Task: Could you retype every line below exactly, omitting the images?

Data shown:

● ● ●

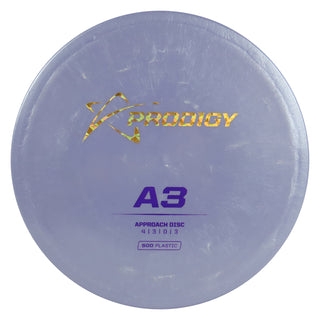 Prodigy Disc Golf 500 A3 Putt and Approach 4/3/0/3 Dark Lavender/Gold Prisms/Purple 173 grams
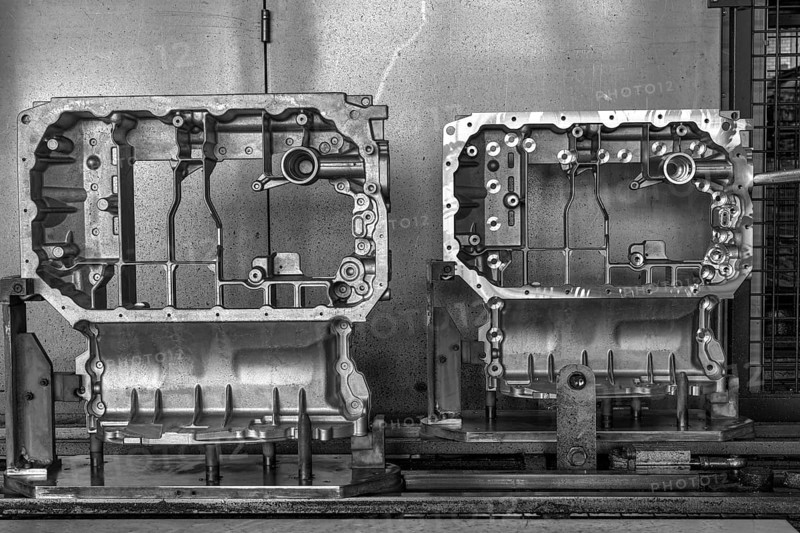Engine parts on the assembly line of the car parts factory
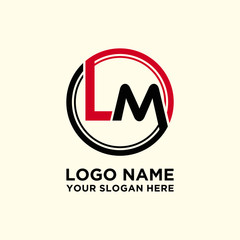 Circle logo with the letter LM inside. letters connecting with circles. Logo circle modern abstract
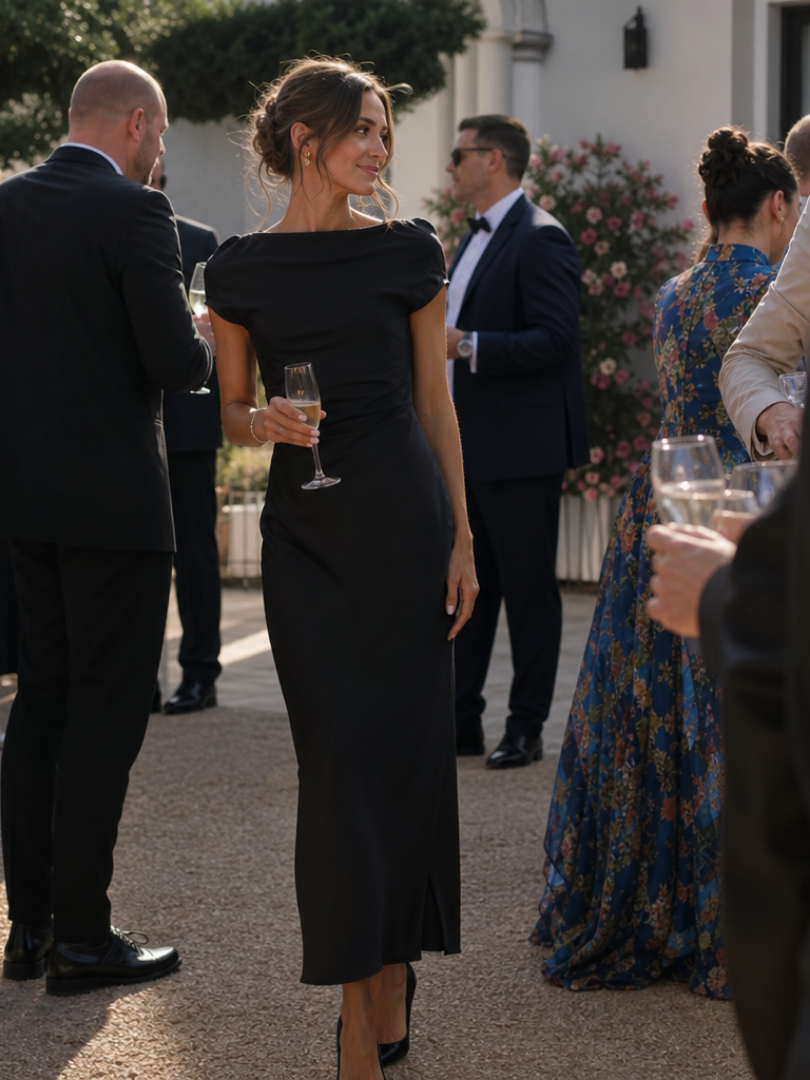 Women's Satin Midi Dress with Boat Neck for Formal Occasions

● ● ●

Expected answer:
 Prodigy Disc Golf 500 A3 Putt and Approach 4/3/0/3 Dark Lavender/Gold Prisms/Purple 173 grams
Engine parts on the assembly line of the car parts factory
 Circle logo with the letter LM inside. letters connecting with circles. Logo circle modern abstract
 Women's Satin Midi Dress with Boat Neck for Formal Occasions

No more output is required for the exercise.